By reaching an agreement on the completion of the controversial Nord Stream 2 pipeline, Washington appears to have favored its relationship with Berlin at the expense of its allies and partners to the east. Unsurprisingly, Central and Eastern European countries have been rattled by the move. Their concerns are valid. But paradoxically, the agreement could ultimately strengthen security in the region.

The agreement announced by U.S. and German negotiators last month marks the end of American efforts to block the pipeline. From Washington’s perspective, it amounts to a successful salvage operation: It’s likely Nord Stream 2 would have been completed despite American obstructionism. And by allowing the pipeline to be completed, the U.S. obtained some important commitments from Germany and took a major step toward restoring their relationship.

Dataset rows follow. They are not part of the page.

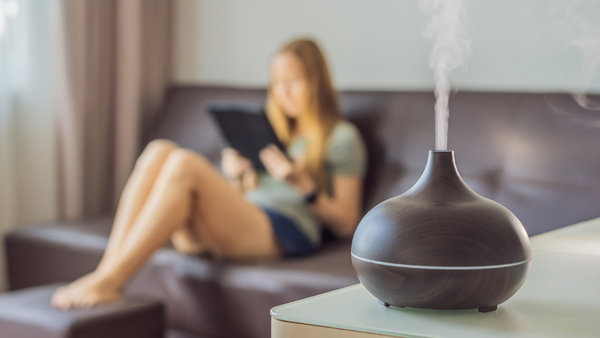 An essential oil diffuser brings spa-like calm
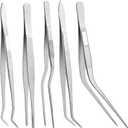 5 Pcs Kitchen Tweezers Cooking Tongs 6.3 Inch Stainless Steel Chef Culinary Tweezers with Non-Slip Grip and Precision Serrated Tips for Cooking, Frying, Plating, Pasta, BBQ, Cookie Decorating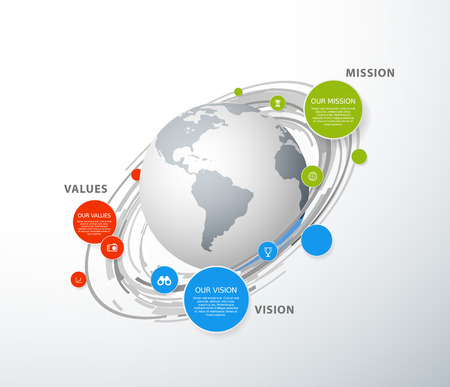Vector template with colorful circles and Mission, Vision and Values diagram with globe.のイラスト素材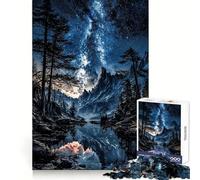 Cielo notturno sopra un lago di montagna - Puzzle da 1000 pezzi per adulti - Regalo - Gioco di logica - Tempo libero - Divertimento - Qualità - Bordo - Bellissimo regalo (38x52cm)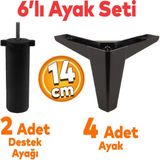 Badem10 Sedir 6'lı Set Mobilya Tv Ünitesi Çekyat Koltuk Kanepe Destek Yükseltici Ayağı 14 cm Siyah Kanat 17 Baza Ayakları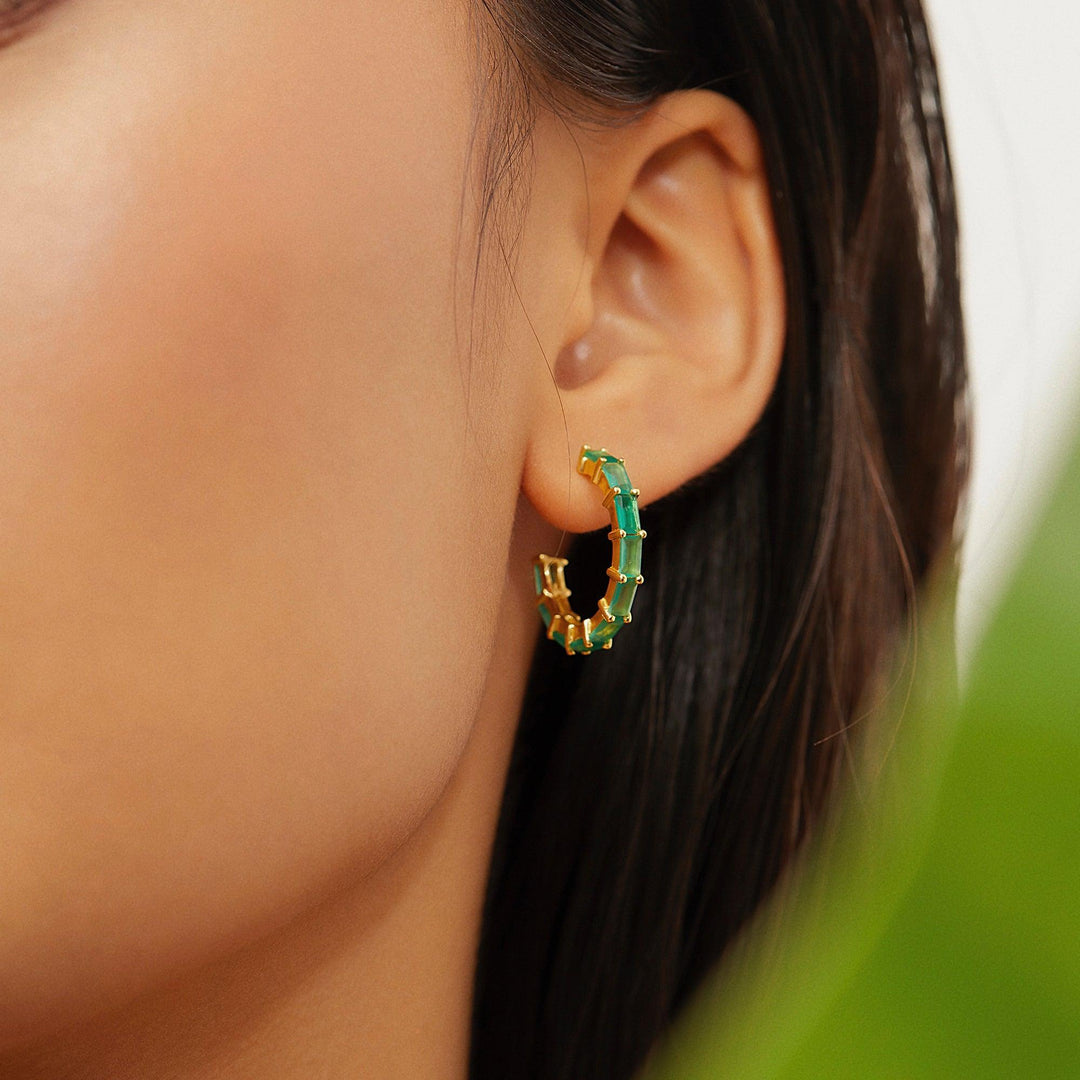Green Gemstone Earrings, Green Onyx Earrings, Stone Hoop Earrings - Brand My Case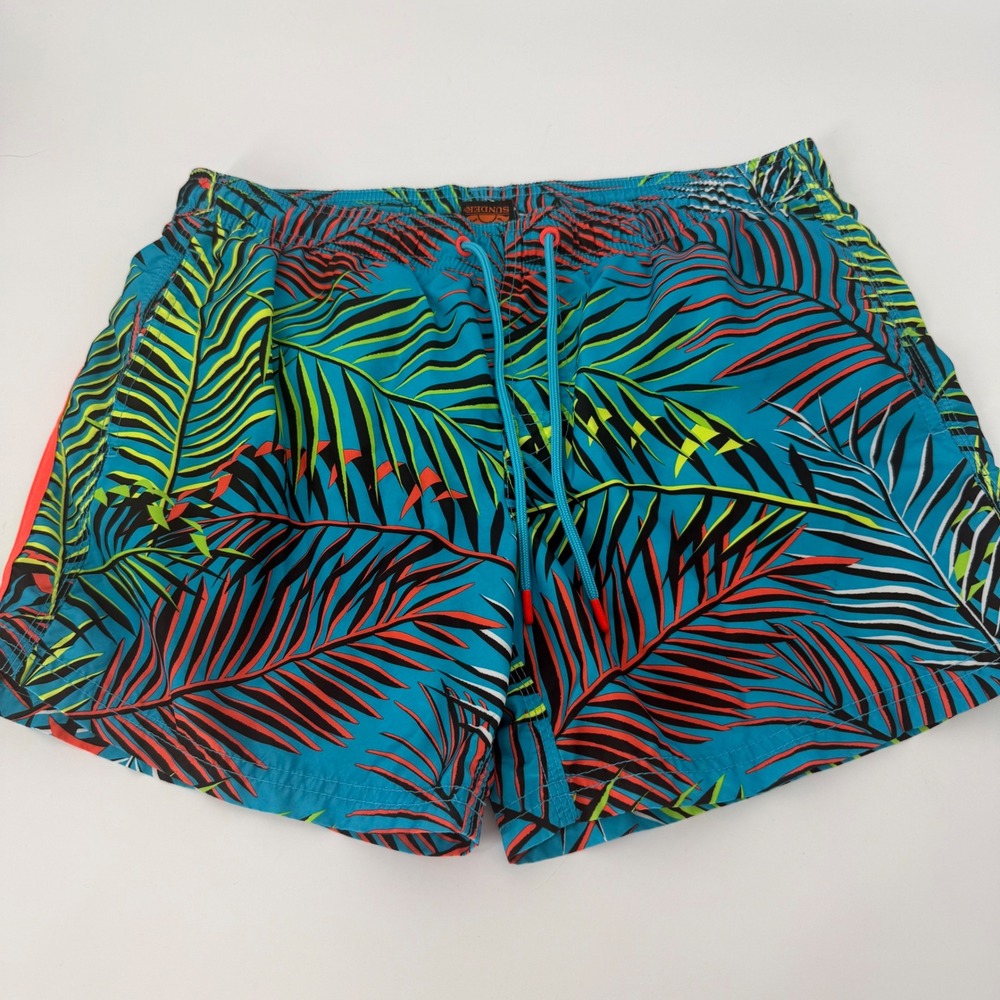 Sundek Mens Tropical Palm Leaf Swim Trunks Blue Orange Mesh‎ Lined Size Medium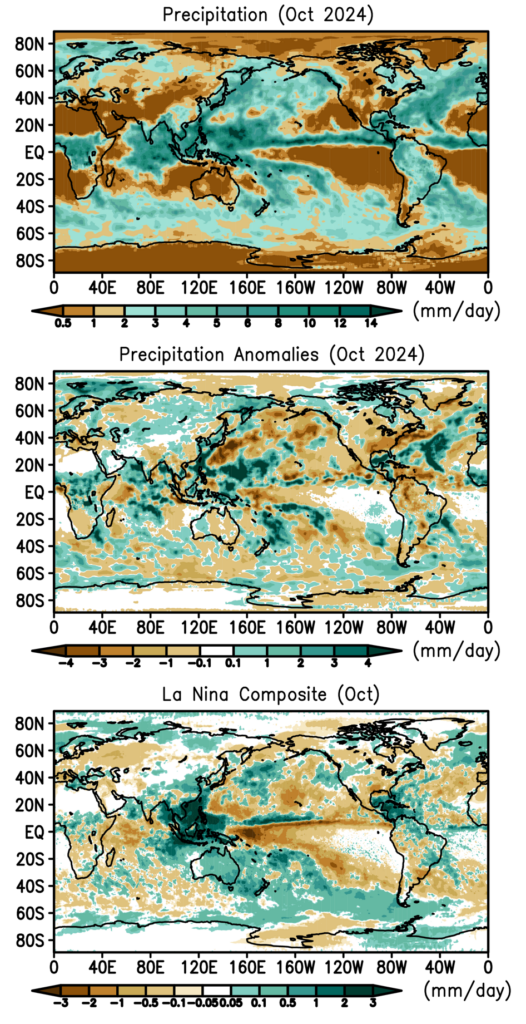 Figure 1. Monthly precipitation and anomalies in October 2024 and La Nina composite for August.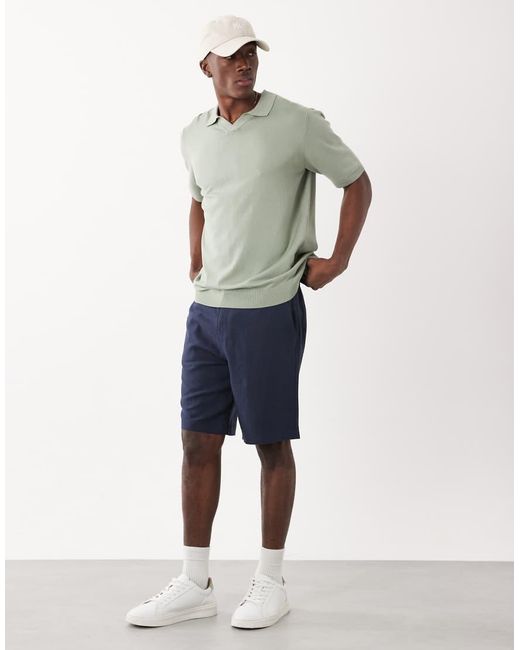 Threadbare Gray Knitted Short Sleeve Polo Shirt for men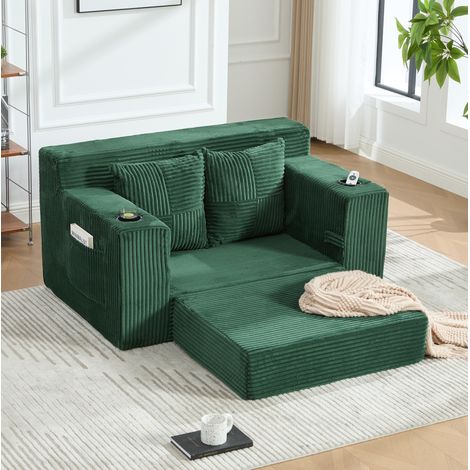 Sofá cama 151x133 cm de pana verde esmeralda con almacenamiento lateral - CHICFURN (1/5)
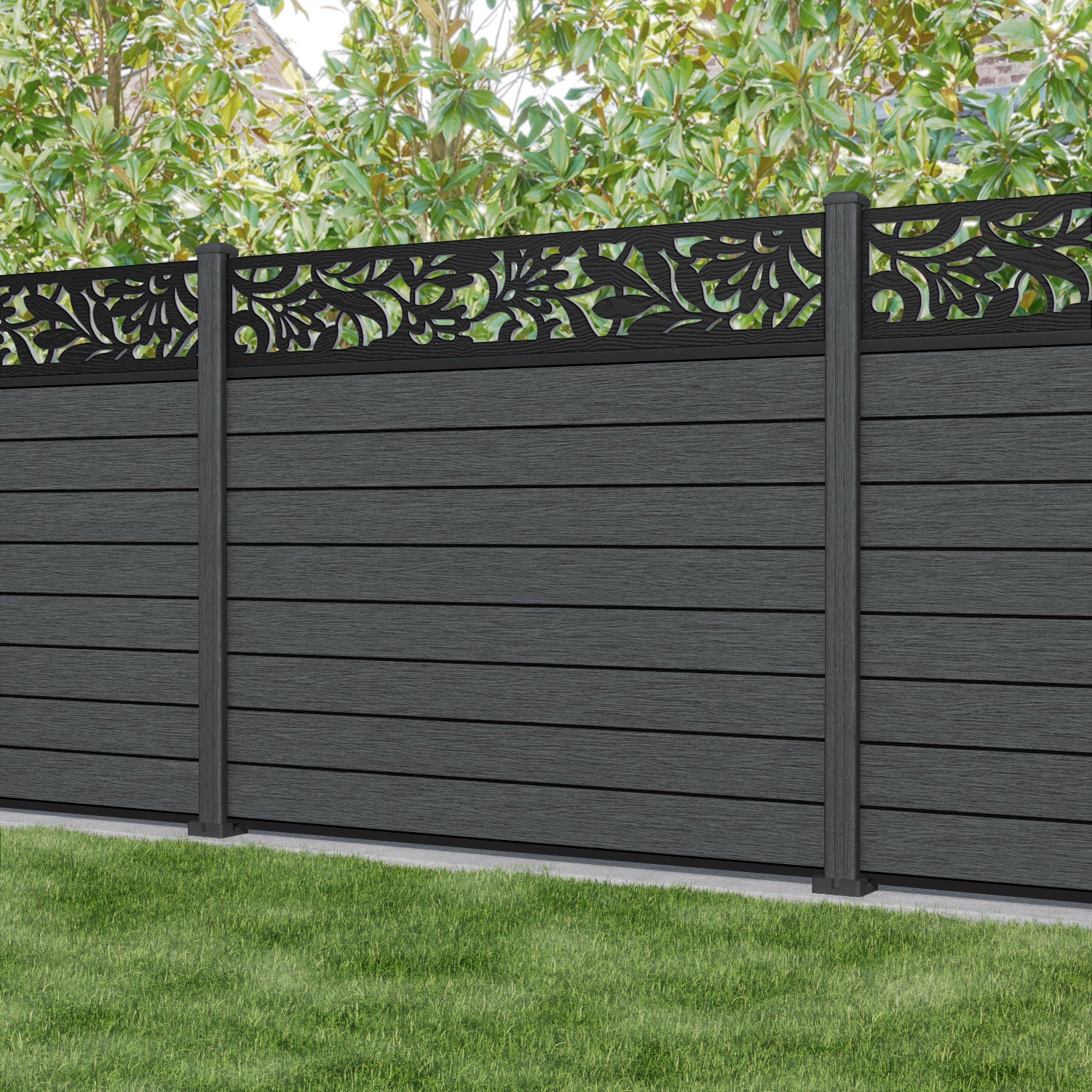 Fusion Heritage Fence Panel - Dark Grey - with our composite posts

In exchange, Germany has committed to investing in alternative energy infrastructure in Ukraine, reimbursing the country for lost gas transit fees, helping Kyiv negotiate an extension of its gas transit contract with Moscow and pursuing sanctions against Russia if it uses oil and gas exports to Ukraine as political leverage.

Despite these commitments, Central and Eastern European allies are justifiably angered by the agreement. With good reason, they view Nord Stream 2 as a geopolitical weapon rather than a “purely commercial” project, as Russia’s Vladimir Putin maintains. Poland and the Baltic countries remain convinced the pipeline will facilitate even more aggressive behavior from Russia. And Kyiv fears that lack of Russian gas transiting its territory en route to high-paying customers in Europe will embolden Moscow.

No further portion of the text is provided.